Bir taşla kaç kuş vurulur?

Bir taşla kaç kuş vurulur?

Bu kadar gerginliğe gerek yok.
PKK bir eylem yaptı, herkes birbirine düştü
Genelkurmay başkanı, Aktütün baskını ile ilgili ihmalleri gündeme getiren gazeteleri-PKK- yı başarılı göstermekle suçluyor. MHP genel başkanı Devlet Bahçeli, AKP’yi Barzani ile birlikte PKK’nın mihmandarlığını yapmakla itham ediyor. Başbakan, kendisini ve partisini hedef alan Bahçeli için benim muhatabım değil diyor. Bunlar son derece yanlış, son derece vahim açıklamalar.
Türk siyaseti, iki eylemle bu kadar sarsılmamalı.
Medya’nın görevi toplumu bilgilendirmektir. 17 askerimizin şehit edildiği bir terör olayında askeri bürokrasinin ağır ihmali varsa, kamuoyunu bilgilendirerek sorumluların hesap vermesini sağlamak asla PKK’yı yağlamak değildir. Bilakis bu yanlışların sona ermesi demek, PKK ile daha müessir, daha etkili mücadele demektir. Bugüne kadar asker’in güneydoğu’da yaptığı terör mücadelesi hiç sorgulanmadı. Genelkurmay’ın yaptığı her açıklama bir doğma gibi kabul edildi. Ancak eldeki geniş imkânlarla mukayese edilmeyecek kayıpların verilmesi,30 yıllık mücadele tecrübesinden gerekli derslerin çıkarılmamış olması, bazı soruları da beraberinde getiriyor. Kimse bu suallerin sorulmasını engelleyemez. Karakolunuzun birkaç yüz metre ötesinde bir avuç militan siper kazacak, mayın döşeyecek, katırlarla silah ve mühimmat taşıyacak, siz bunu film seyreder gibi seyredeceksiniz, ama engellemek için hiçbir şey yapmayacaksınız. Bağırıp çağırarak bu gerçeği değiştirebilir misiniz? Ortada 17 askerimize mal olmuş bir ihmal varken, yapılan haklı eleştirilere asker düşmanlığı yaftası yapıştırmak kimi tatmin eder? İnsanlar askerlerimizin ölmesini, sakat kalmasını istemiyor, daha iyi sevk ve idare edilmelerini istiyorlarsa, bundan gocunmamak gerekir. Keşke Başbuğ, askerimizin dökülen kanının hesabının- ihmali olanlardan sorulacağını söyleseydi. Bu kendisine de, temsil ettiği makama da itibar kazandırırdı. Eleştirenler içinde elbette fırsat bu fırsattır diyerek içindeki zehri dökmek isteyenler olabilir. Onlara bakarak genelleme yapmak ne kadar yanlışsa, böylesi bir ihmali görmezden gelmek de o kadar yanlıştır. Üstelik bu ilk değil. Dağlıca için yapılan benzer eleştirileri, aynı alınganlıkla karşılamak yerine, gereği yapılmış olsaydı, bugün Aktütün’ü belki de konuşmuyor olacaktık.
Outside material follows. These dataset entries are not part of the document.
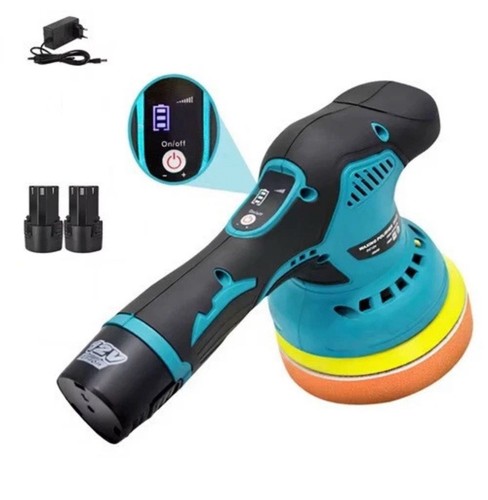 Lucidatrice rotorbitale con - lucidatrice,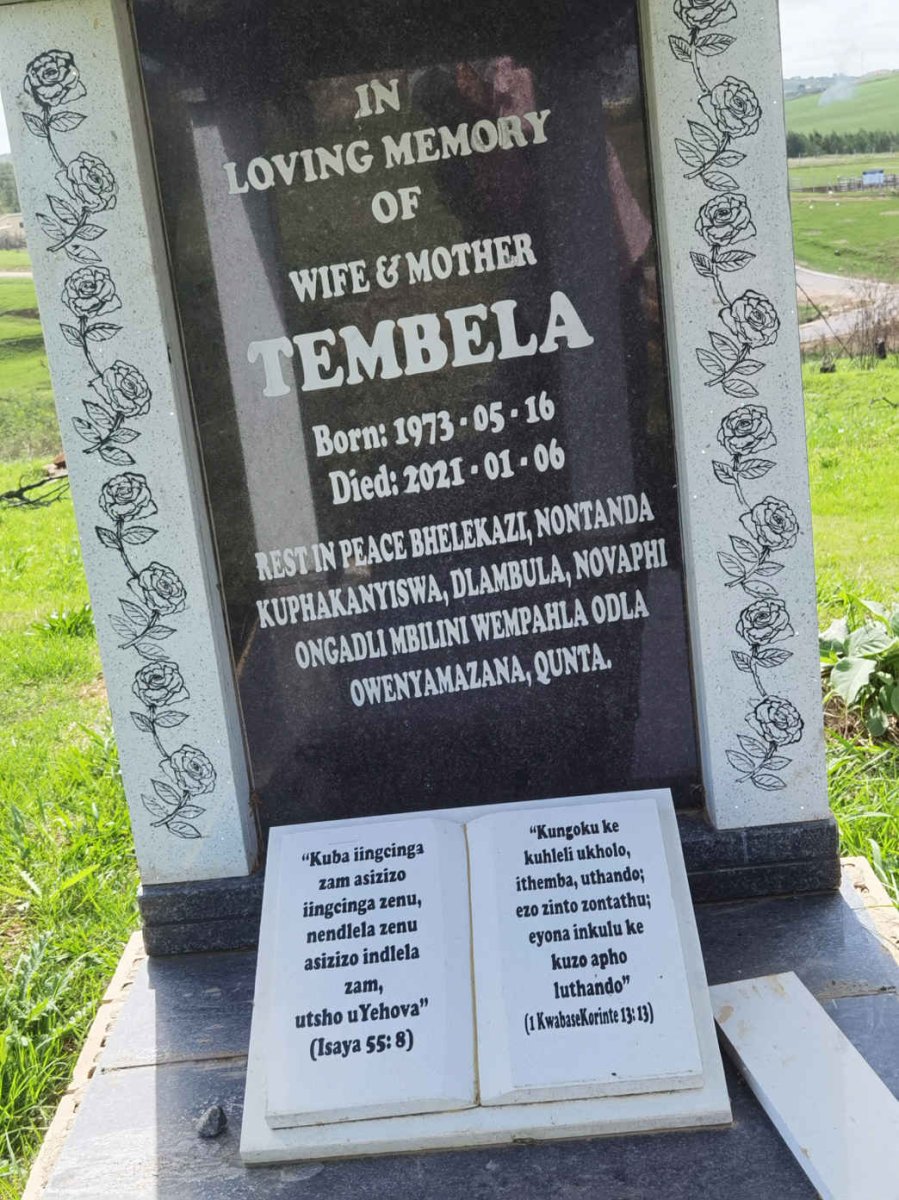 MPISANE Tembela 1973-2021
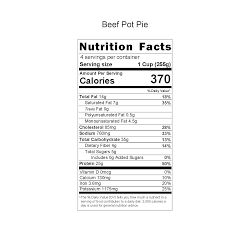 Three Days of Comfort Entrées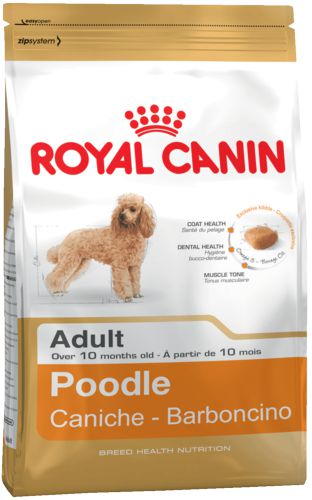 Корм Royal Canin POODLE для взрослых пуделей с 10 месяцев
Diğer taraftan, MHP genel başkanı Bahçeli’nin ‘hainliği’ neredeyse sıradanlaştıran çıkışı da doğru değil. Muhalif bir partinin genel başkanı olarak, Başbakan’ı eleştirebilirsiniz. Siyaseten sert, çarpıcı bir üslup da kullanabilirsiniz. Ama bir Başbakan’ı ve koca bir iktidar partisini PKK ile Sevr zihniyeti ile özdeşleştirmek hangi insafa sığar? Eleştirinin bir sınırı, bir vicdanı olmaz mı? Bu sert tenkitlerin Genelkurmay başkanı İlker Başbuğ’un Bahçeli’ye ziyaretinden 3 gün sonraya tesadüf etmesi de manidardır. Bahçeli bu sert konuşmayı bu ziyaretten aldığı ilhamlarla mı, yoksa AKP gurup başkan vekili Nihat Ergün’ün açıklamalarının tesiri ile mi yapmıştır şimdilik bilemiyoruz. Ama bu sert çıkışın böyle bir görüşmeden üç gün sonraya denk gelmesi, ister istemez kurcalanacaktır. Sanki Bahçeli’nin kulağına, hükümetle ilgili bazı şeyler üfürülmüş gibi. Öyle olmasa, tam da itidal ve sağduyuya ihtiyaç duyduğumuz bir dönemde Bahçeli bu kadar sert bir açıklama yapmazdı. Siyaset adamlarının kumaşı kriz dönemlerinde belli olur. Danışmanları, Bahçeli’ye yüzünü, gözünü gererek, dövüşür gibi yaptığı konuşmaların toplumu ürküttüğünü, MHP ye hiçbir katma değer getirmediğini, en haklı tezleri bile haksız hale getirdiğini söylemelidir. Hainlik siyasi rekabet için kullanılan bir kavram olmamalıdır. Aynı şekilde Başbakan Erdoğan’ın Bahçeli için muhatabım değil şeklindeki tavrı da inciticidir. Başbakan herkesin muhatabıdır ve kimse için bu yaralayıcı üslubu kullanmaya hakkı yoktur. Bütün bu tartışmalar, bombalar Aktütün’e atıldı, parçaları Ankara’ya düştü diyenleri haklı çıkarıyor. Bir terör örgütünün bir taşla bu kadar kuş vurması utanç verici değil mi?